GET /api/v1/prescreen/lexicon
Public. No authentication required. The lexicon contains no secrets — just patterns mapped to category tags. It’s safe to fetch, cache, and inspect.
curl -i https://api.tuteliq.ai/api/v1/prescreen/lexicon
Response includes an ETag and Cache-Control: public, max-age=3600 so SDKs that send If-None-Match on subsequent fetches will get a 304 Not Modified if the lexicon hasn’t changed. Lexicon version (LEXICON_VERSION) bumps on any entry change.

Response shape

{
  "version": "2026.05.001",
  "entries": [
    {
      "id": "groom.secrecy.our-secret-en",
      "pattern": "our little secret",
      "type": "phrase",
      "flag": "SECRECY_REQUEST",
      "weight": 0.9,
      "languages": ["en"],
      "endpoints": ["grooming"]
    },
    {
      "id": "benign.greet.hi-en",
      "pattern": "hi",
      "type": "phrase",
      "flag": "BENIGN_CONTENT",
      "weight": -1,
      "languages": ["en"],
      "endpoints": ["*"]
    }
  ],
  "usage": {
    "short_circuit_when": "result.benign_only === true",
    "attach_when": "result.matches.some(m => m.weight > 0)",
    "request_field": "prescreen_flags"
  }
}

Matching contract

SDKs in any language re-implement the same matching contract:
FieldBehaviour
type: "phrase"Case-insensitive substring match: text.toLowerCase().includes(pattern.toLowerCase())
type: "regex"JavaScript-style regex compiled with the i flag, tested against the original text
languages["*"] matches any language; otherwise an ISO 639-1 lowercase match (en, es, pt, …). Default if the SDK doesn’t know the language: assume en.
endpoints["*"] applies to all; otherwise the SDK only runs entries scoped to the target endpoint (grooming, distress-signals, bullying, coercive-control, unsafe).
weight: -1Benign signal. If only benign signals match (no positive), SDK MAY skip the API call.
weight: 0..1Positive signal.
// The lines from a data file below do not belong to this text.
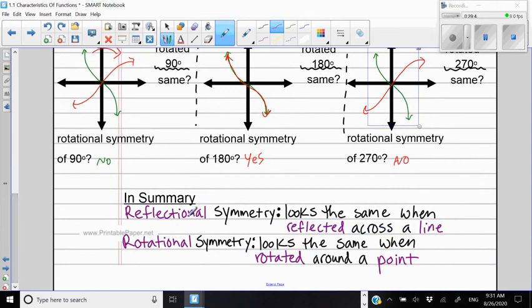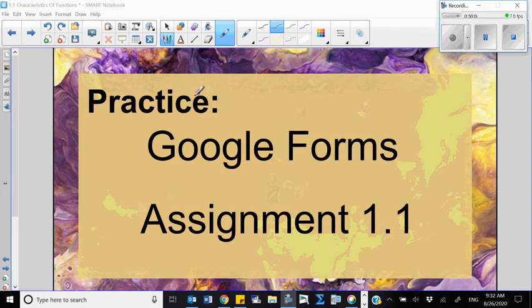In summary: reflectional symmetry is when a shape looks the same when reflected across a line, and rotational symmetry is when a shape looks the same when rotated around a point. That was today's lesson. Your homework is Assignment 1.1, which is a Google Form. I'll share it to your Google Classroom — look for it and turn it in as soon as possible. Have a great day.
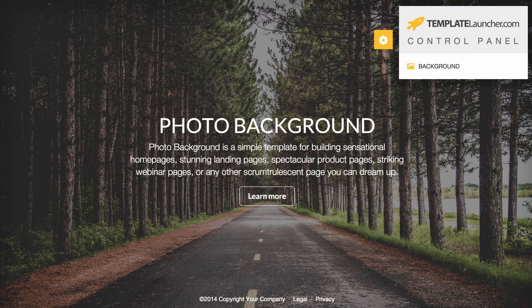Hey, it's Lee from TemplateLauncher.com. Thanks for coming and checking out our photo background template. I wanted to do a quick run through on how to use this template and give you a little how-to video, so if you have any questions you can check that and feel free to drop us a line at TemplateLauncher.com. So why don't I get this show on the road?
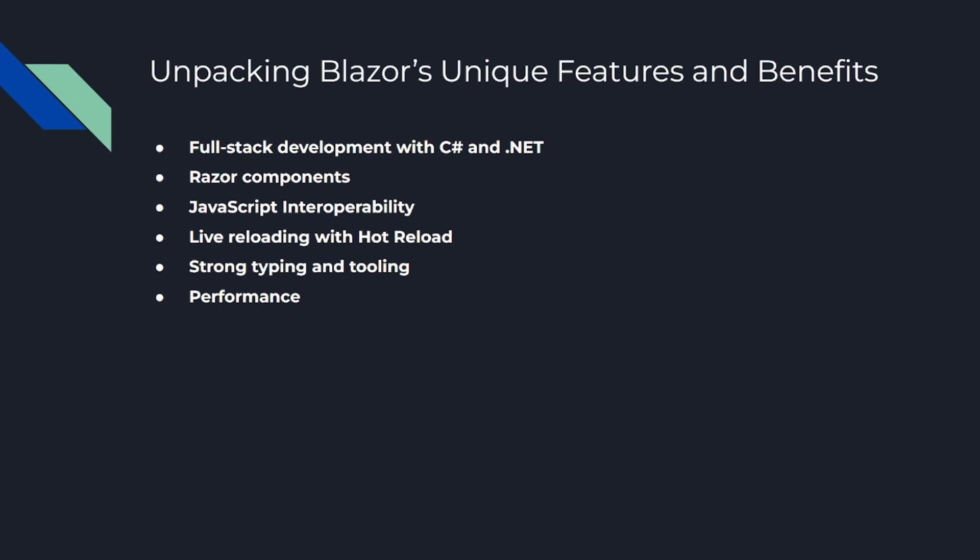Number five is strong typing and tooling. Since Blazor uses C#, you get all the benefits of a strongly typed language and excellent tooling support with IntelliSense, debugging, and unit testing capabilities. And number six, the performance: Blazor WebAssembly runs on the client side in the WebAssembly bytecode format, which is fast, compact, and near-native speed. While it's not as fast as JavaScript yet, it's continually improving.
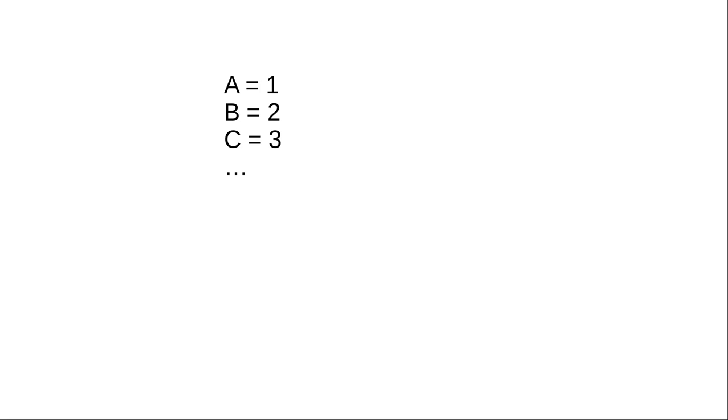Remember in grade school when you had a simple code for passing secret messages, where A became 1, B became 2, C became 3, and so on? That's the idea. We set up a numeric correspondence for each character.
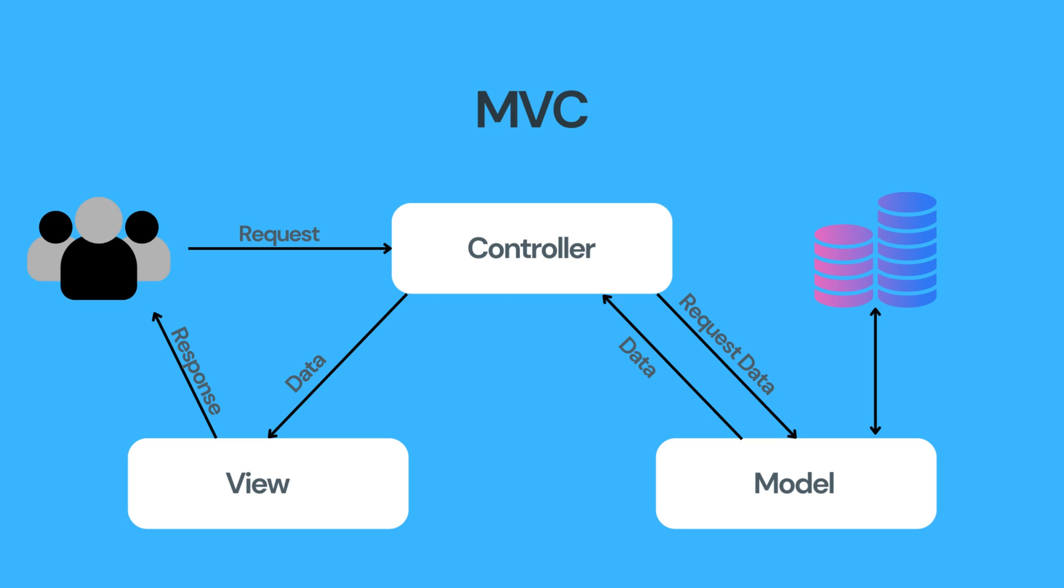The controller receives user inputs from the view, processes them, and communicates with the model to update data, or retrieve specific information. Controllers handle the application's logic and flow.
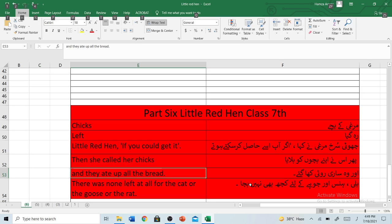Little Red Hen, Class 7, Part 6. Make sure to subscribe our channel Kampir Education Pakistan. Like this video and don't forget to click the bell icon. Bye, see you at the next video.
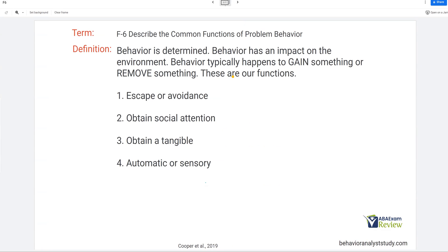Functions of problem behavior. Behavior is determined, meaning it happens for a reason. It has an impact on the environment, changes the environment, and behavior typically happens to gain something or to remove something. These are what we call our functions. You can refer to the function as the reason the behavior occurs — what does the learner gain, what are they getting rid of, what effect is their behavior having on the environment? And of course, we have our four main functions.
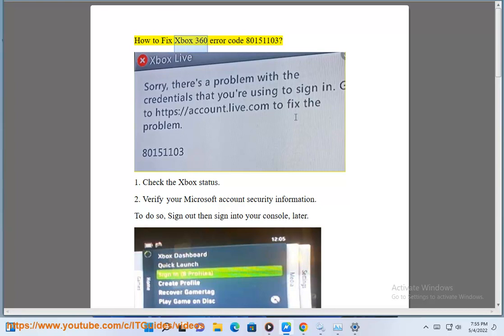How to Fix Xbox 360 Error Code 80151103. Step 1: Check the Xbox Status.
SDK MUST attach the match to the API request as a prescreen_flags item.

Result shape

interface PrescreenResult {
  matches: Array<{ id: string; flag: string; weight: number }>;
  benign_only: boolean;        // only BENIGN_CONTENT matched, no positive signals
  max_positive_weight: number; // 0 if no positive matches
}

SDK behaviour (reference)

import { runPrescreen, fetchLexicon } from '@tuteliq/sdk';

const lexicon = await fetchLexicon(); // cached locally; only re-fetches on ETag mismatch

async function checkGrooming(text: string) {
  const prescreen = runPrescreen(text, { endpoint: 'grooming', language: 'en' }, lexicon);

  // Short-circuit on clearly-benign content
  if (prescreen.benign_only) {
    return { detected: false, source: 'sdk-prescreen' };
  }

  // Attach positive matches to the API request as structured hints
  return tuteliq.safety.grooming.detect({
    text,
    prescreen_flags: prescreen.matches.filter(m => m.weight > 0),
  });
}

Privacy properties

  • The lexicon is public — anyone can fetch and inspect it. No model weights, no proprietary scoring.
  • The matching is local — content matched on-device never leaves the device unless the SDK decides to make an API call.
  • Benign short-circuits — clearly-benign content never reaches Tuteliq at all.
  • Server-side acceptance is opt-in — passing prescreen_flags on a detection request is supported and used as a prior; it never substitutes for the full server-side analysis.

What’s NOT in v1

  • Multi-language entries beyond English — coming in subsequent lexicon versions. SDKs that don’t recognise the language fall back to en patterns; we plan to ship es, pt, fr, de next.
  • Machine-learned patterns — v1 is curated, hand-written phrases focused on precision-per-pattern. The bar to add an entry is intentionally high — false-positive benign matches would cause SDKs to silently drop concerning content.
  • Per-customer custom lexicons — every SDK runs the same public lexicon. Custom patterns are a P3 follow-up.

Versioning

The version field (e.g. 2026.05.001) bumps on any change to entries. SDKs cache by version. Old SDK versions keep working with their cached lexicon — they’re just less sharp until the next SDK release pulls the new one. Two-week target cadence for additions; faster for removals. If you spot a false positive (benign content matching as a positive signal) please report it — those are the highest-priority lexicon fixes.